In Pittsburgh, COVID-19 has disproportionately affected underserved communities, with vaccine hesitancy coming from those same communities.
But recently there’s been a noticeable increase of how many people are getting the vaccine in the Hill District. Vaccine hesitancy in black and brown communities was extremely high early on.
“It bothered me greatly, our history, and what we’ve gone through in the past. The concerns or reservations others had. I believe they are valid, and I believe they are true, but I know today it’s different than those times,” Central Baptist Church administrator Karen Eady-Lockett said.
Central Baptist Church partners with Duquesne University and the Allegheny County Health Department to hold vaccination clinics at the location.

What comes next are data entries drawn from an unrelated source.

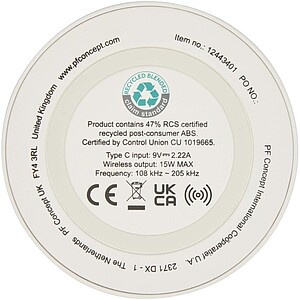 Freal 15W recycled plastic wireless charging pad, white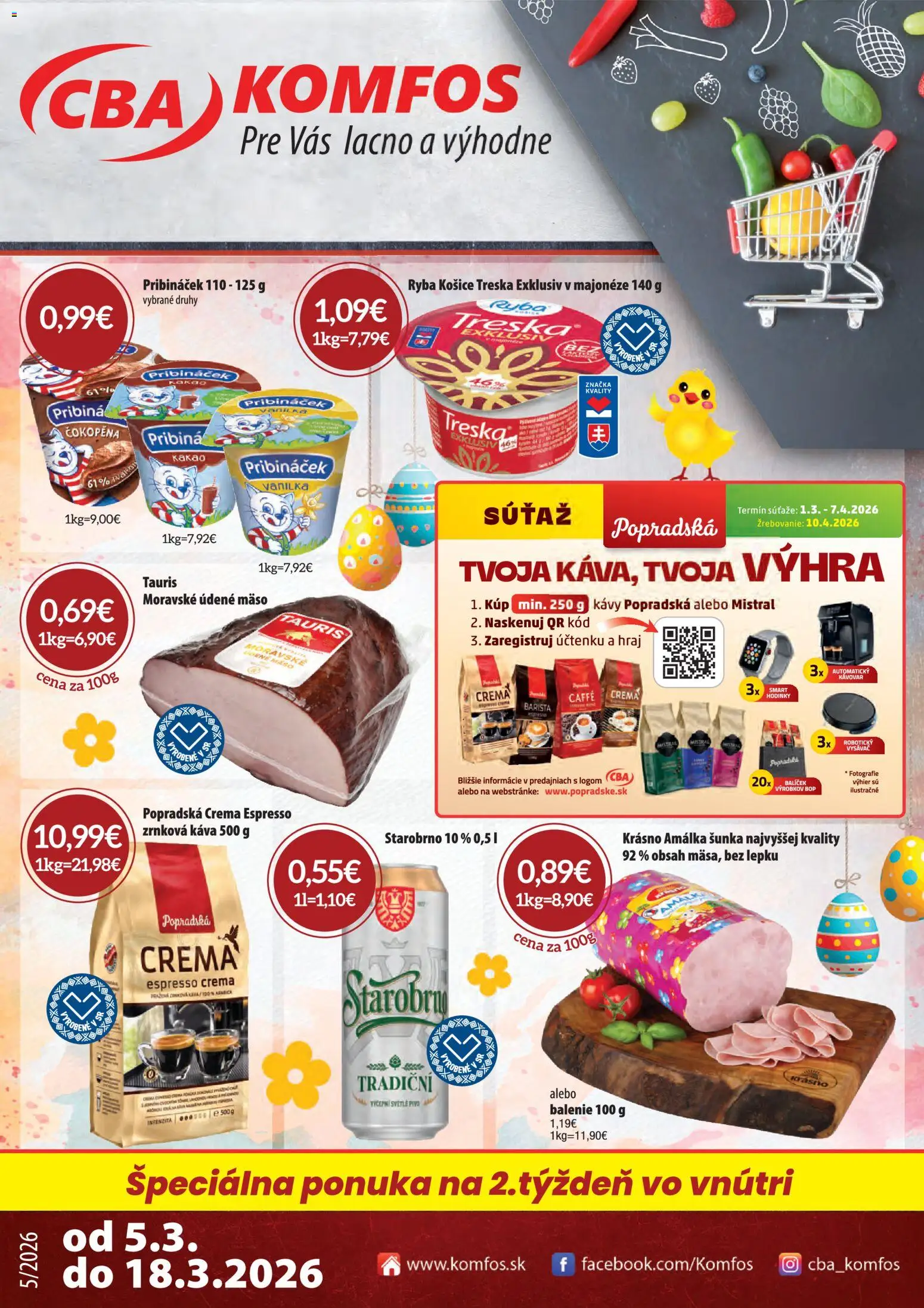 Náhľad CBA Komfos letáku platného od 05.03.2026
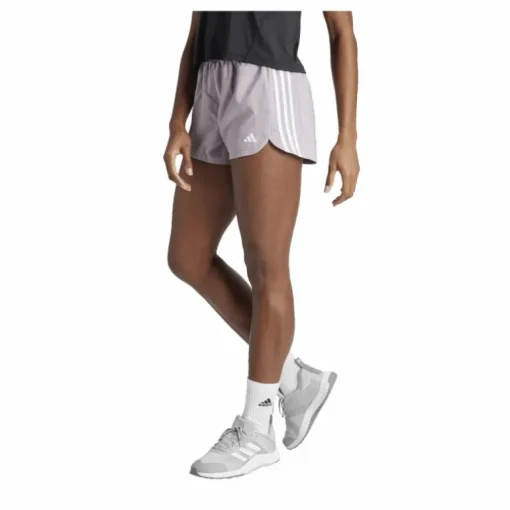 Pacer Training 3-Stripes Woven High-Rise Shorts Preloved Fig / White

“We have administered close to 6,000 COVID vaccines since April at this site here in the Hill District,” Duquesne University School of Pharmacy Associate Professor Jennifer Elliot said.
And they are noticing an uptick in the number of black and brown families who want the vaccine. There are a number of reasons why.
“I think it’s definitely due to the increased cases and hospitalizations in Allegheny County. Also the delta variant and how it’s impacting children. The fact that schools are reopening,” Elliot said.
Eady-Lockett said the delta variant is increasing everyone’s awareness, making people more interested in getting vaccinated.
“I have had those who have lost their lives to this virus, and I don’t want to see anyone else go that way,” she said. “This virus is deadly, and I can’t say it enough.”
The clinic is offering booster shots to those who are eligible. They also offer free health screenings and have noticed an increase in how many people are signing up for their wellness program.